8 Cristina Zaragoza - Caçapava
Muito obrigada pelo artigo professora Dalva, excelente para nós professores, pensarmos mais a educação e a escola, e principalmente as crianças. A complexidade do ato de pensar vai muito além do que nossas indagações sobre os alunos, como foi bem colocado no início do artigo, pensar no nível de investigar, relacionar, penso que exige vivências, por isso é um grande desafio para o educador e a escola. Abraço.
28/11/2009 09:00:50


9 Francisco Eurico Ribeiro - ItaquiraiMS
Professora Dalva, o seu feliz artigo, é um convite de caráter especial, que nos alertaEducadores para uma prática real do nosso falar. Nos convida a refletir sobre uma vivência de sala relacionada com o contexto do educando.

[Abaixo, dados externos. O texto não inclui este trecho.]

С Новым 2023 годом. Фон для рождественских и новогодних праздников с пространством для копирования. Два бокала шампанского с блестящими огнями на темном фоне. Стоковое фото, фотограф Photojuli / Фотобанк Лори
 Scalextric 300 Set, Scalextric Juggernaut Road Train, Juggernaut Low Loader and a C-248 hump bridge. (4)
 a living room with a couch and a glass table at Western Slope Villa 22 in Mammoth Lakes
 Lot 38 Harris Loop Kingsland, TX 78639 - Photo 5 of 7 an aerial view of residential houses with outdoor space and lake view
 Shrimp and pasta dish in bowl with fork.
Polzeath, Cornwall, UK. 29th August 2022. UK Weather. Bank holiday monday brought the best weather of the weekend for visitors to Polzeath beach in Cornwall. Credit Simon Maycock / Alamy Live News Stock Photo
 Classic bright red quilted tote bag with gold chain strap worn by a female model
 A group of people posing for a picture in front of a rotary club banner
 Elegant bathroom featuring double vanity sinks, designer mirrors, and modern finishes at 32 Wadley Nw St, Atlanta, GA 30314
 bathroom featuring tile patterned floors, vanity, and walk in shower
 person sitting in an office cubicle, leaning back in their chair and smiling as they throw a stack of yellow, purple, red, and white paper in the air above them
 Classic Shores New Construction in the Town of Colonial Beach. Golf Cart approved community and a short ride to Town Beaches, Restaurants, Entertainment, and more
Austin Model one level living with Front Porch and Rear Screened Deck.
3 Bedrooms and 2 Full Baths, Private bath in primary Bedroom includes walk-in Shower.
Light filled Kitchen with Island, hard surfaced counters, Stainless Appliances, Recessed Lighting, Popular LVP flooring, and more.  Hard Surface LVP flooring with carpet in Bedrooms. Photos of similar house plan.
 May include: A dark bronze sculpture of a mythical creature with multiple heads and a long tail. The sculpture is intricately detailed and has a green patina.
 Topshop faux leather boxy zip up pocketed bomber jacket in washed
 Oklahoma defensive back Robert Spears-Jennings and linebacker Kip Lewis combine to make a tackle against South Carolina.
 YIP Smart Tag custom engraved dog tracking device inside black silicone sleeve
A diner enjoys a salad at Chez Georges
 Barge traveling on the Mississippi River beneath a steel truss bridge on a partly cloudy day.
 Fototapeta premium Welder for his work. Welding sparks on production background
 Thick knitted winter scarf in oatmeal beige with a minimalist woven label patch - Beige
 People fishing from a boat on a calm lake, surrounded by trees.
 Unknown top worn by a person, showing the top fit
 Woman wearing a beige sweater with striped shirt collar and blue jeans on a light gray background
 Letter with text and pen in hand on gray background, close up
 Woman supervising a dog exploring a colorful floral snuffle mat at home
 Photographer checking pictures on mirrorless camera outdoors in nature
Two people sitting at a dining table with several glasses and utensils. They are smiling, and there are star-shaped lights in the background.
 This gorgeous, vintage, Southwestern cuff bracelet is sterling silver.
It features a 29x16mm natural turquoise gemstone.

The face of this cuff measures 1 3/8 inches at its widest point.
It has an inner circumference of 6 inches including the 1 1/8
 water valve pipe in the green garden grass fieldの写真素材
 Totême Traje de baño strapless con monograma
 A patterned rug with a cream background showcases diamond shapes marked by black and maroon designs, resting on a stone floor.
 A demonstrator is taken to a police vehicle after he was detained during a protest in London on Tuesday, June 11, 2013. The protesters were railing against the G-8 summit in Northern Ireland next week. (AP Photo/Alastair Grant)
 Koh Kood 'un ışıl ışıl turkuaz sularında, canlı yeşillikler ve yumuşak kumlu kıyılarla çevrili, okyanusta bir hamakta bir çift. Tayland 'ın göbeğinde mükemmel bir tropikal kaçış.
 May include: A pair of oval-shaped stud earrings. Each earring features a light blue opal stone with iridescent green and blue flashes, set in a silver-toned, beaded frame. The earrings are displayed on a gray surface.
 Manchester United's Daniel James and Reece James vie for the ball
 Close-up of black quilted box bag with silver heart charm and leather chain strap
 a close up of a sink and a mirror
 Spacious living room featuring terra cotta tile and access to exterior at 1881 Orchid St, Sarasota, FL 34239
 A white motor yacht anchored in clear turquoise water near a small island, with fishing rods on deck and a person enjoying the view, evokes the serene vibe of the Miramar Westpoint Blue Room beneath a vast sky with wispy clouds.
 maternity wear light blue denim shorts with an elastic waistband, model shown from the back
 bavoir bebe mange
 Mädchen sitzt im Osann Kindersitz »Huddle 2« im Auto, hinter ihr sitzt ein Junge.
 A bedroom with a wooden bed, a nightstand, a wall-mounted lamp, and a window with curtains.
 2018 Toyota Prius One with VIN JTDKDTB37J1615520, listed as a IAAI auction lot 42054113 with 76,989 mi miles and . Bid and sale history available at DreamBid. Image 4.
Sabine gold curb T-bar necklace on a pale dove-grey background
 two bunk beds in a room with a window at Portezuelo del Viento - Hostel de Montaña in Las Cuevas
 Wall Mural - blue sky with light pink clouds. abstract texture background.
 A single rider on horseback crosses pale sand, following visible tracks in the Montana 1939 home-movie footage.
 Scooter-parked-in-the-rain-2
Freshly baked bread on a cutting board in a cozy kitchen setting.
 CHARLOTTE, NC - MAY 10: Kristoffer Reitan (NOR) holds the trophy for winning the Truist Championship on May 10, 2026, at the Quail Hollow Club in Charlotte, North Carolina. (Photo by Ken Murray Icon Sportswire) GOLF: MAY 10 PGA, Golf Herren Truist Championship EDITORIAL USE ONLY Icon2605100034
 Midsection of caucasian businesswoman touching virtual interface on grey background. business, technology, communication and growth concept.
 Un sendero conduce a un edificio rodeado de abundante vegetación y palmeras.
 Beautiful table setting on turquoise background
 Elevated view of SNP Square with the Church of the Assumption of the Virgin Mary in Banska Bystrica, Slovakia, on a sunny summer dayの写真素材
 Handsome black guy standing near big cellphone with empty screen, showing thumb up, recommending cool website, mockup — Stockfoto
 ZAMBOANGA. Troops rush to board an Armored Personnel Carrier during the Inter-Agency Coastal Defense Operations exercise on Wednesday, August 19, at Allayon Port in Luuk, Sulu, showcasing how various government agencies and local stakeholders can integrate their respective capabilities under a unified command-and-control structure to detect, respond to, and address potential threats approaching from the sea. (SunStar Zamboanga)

Nos chama a viver e fazer uma Educação, com uma concepção crítica .
27/11/2009 09:25:55


10 rosenei witthoft - indaial
adorei este seu artigo pois meu trabalho é sobre EDUCAR PARA O PENSAR e me ajudou muito .bjoca
02/11/2009 21:09:17


11 Aguinaldo - Sao Paulo
Magnífico, gostei muito , a troca de informaçoes e conhecimento é de extrema importancia para aqueles que relamente querem fazer a dieferença na educacao.
23/09/2009 20:59:34


12 angelina - LENÇÓIS PAULISTA SP
Fantastico esse artigo, vou até imprimilo. E preciso estar com ele em mãos. grata
30/05/2009 18:57:19


13 VALQUIRIA DA CONCEIÇÃO RODRIGUES - LENÇÓIS PAULISTA
ACREDITO QUE SEJA POSSÍVEL MOSTRAR OS CAMINHOS POSSÍVEIS PARA QUE OS ALUNOS PENSEM MELHOR , EM DETERMINADAS SITUAÇÕES OU PENSAR MELHOR PARA TOMAR UMA DECISÃO ACERTADA. PENSAR NO SENTIDO DE PREVER A CONSEQUÊNCIA DE DETERMINADAS ATITUDES, ISTO É , PÔR EM PRÁTICA O QUE SE PENSOU.
21/05/2009 14:20:28


14 Irma Alves Gomes - Praia Grande
eu adorei este artigo,pois é bem completo e muito gostoso de ler parabéns
28/03/2009 18:50:17


15 Maria Lucia - Itapevi
Gostei muito de seu artigo. Parabéns. Um grande abraço.
25/10/2008 19:13:42


16 Claucia - Nova Iguaçu RJ
Muito bom o artigo da Profª Dalva Aparecida. Me faz rever a idéia que temos sobre o pensar de nossos alunos, principalmente àqueles que supomos não atingirem sozinhos as metas do nosso trabalho docente, quando na verdade suas habilidades nem foram de fato investigadas por nós.
12/09/2008 11:39:54


17 JOÃO CESÁRIO JUNIOR - CURRAIS NOVOS - RN
Parabéns pelo artigo,gostaria de receber artigos como esse, para melhor pensar a nossa prática. Grato.
02/05/2008 19:00:06


18 Lucia - BH
Muito bom o artigo. gostaria de poder receber artigos deste nível, esclarecedor e com exemplos para ilustrar e assim ser compreendido. Grata.
26/11/2007 13:09:47


19 everi apple - pederneiras
ótimo artigo!!!
14/08/2007 11:19:34


20 Everson Belous - Santa Maria - RS
Parabéns pelo artigo! De forma simples vc esclarece as habilidades a serem alcançadas durante o trabalho de investigação.
03/08/2007 19:43:51


21 Rosangela Ramires - Bragança Paulista -SP
Gostei de mais de seu artigo, pena que nem todos os profissionais da educação parem para "pensar" sobre a importância que ele exerce para com outro. Parabéns .
26/07/2007 23:19:28


22 osmarina - Barra do Corda
gostei d+ do artigo "o pensar" parabéns vc é 10, 100,1000.................................!!!!!!!!!!!!!!!!!!!!!!!!!!!!!!!!!!!!!!